In such a large manipulator, the vertical speed v∥ of a boom arm location is understood to be the speed of the boom arm location in the direction of gravity.
The control device controls the movement of the articulated boom by providing positioning control variables SDi for the actuating elements of the drive units, which positioning control variables depend on a vertical speed v∥ of the boom arm location which has been determined by the device for determining a vertical speed v∥ of a boom arm location, and on the articulating angles εi of the joints determined by the device for determining the articulating angles of the joints, and on control signals S for adjusting the distributor boom generated by a controller that can be operated by a boom operator.

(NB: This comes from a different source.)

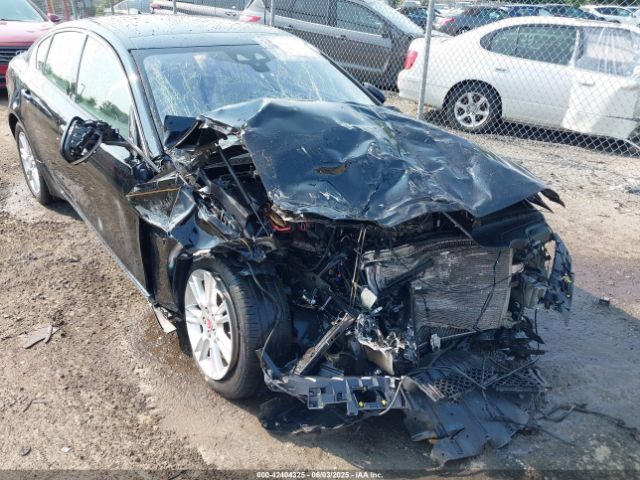 2018 JAGUAR XE SAJAJ4FN7JCP28038 Photo 5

According to one preferred embodiment of the large manipulator, the control device includes a controller assembly which is coupled to the device for determining the vertical speed of a boom arm location and to the device for determining the articulating angles of the joints and is intended for controlling the actuating elements, and which includes a distributor boom damping routine. In this case, the distributor boom damping routine determines, based on a vertical speed v∥ of the boom arm location determined by the device for determining the speed, a damping force FD∥, and divides the damping force determined into component damping forces associated with the individual joints. Based on the component damping forces and from the articulating angles determined using the device for determining the articulating angle εi of the joints of the drive units associated with the articulated joints and from known physical quantities of the distributor boom, damping control variables DSi for controlling the drive unit actuating elements are then determined for damping the articulated boom are included in the positioning control variables SDi for the actuating elements of the drive units.
The known physical variables of the distributor boom preferably include the joint kinematics of the joints of the distributor boom and the geometry of the boom arms, in particular their length.

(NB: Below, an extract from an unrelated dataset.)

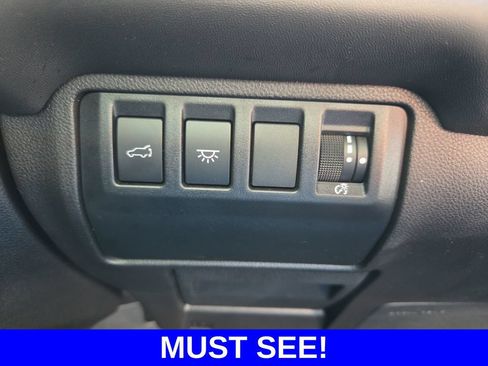Certified 2023 Subaru Ascent Onyx Edition Limited AWD/4WD image 24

The device for determining the speed of a boom arm location on at least one boom arm in the large manipulator can, in particular, be designed to determine the vertical speed v∥ of the boom tip of the articulated boom.
In one embodiment, the distributor boom damping routine determines, based on the component damping force associated with a joint and based on the articulating angle εi determined for the joint, a target component damping force FDi to be generated by means of the drive unit associated with the joint, or a target component damping torque MDi that can be generated by means of the drive unit associated with the joint.
In particular, the large manipulator can include a device for determining an actual force Fi generated by means of the drive unit associated with the joint, or for determining an actual torque Mi generated by means of the drive unit associated with the joint.
In this context, is advantageous if the distributor boom damping routine includes a control stage that determines the damping control variables DSi for the drive unit for damping the distributor boom, based on a comparison between the actual force Fi generated by the drive unit and the target component damping force FDi to be generated, or from a comparison between the actual torque Mi generated by the drive unit and the component target damping torque MDi to be generated.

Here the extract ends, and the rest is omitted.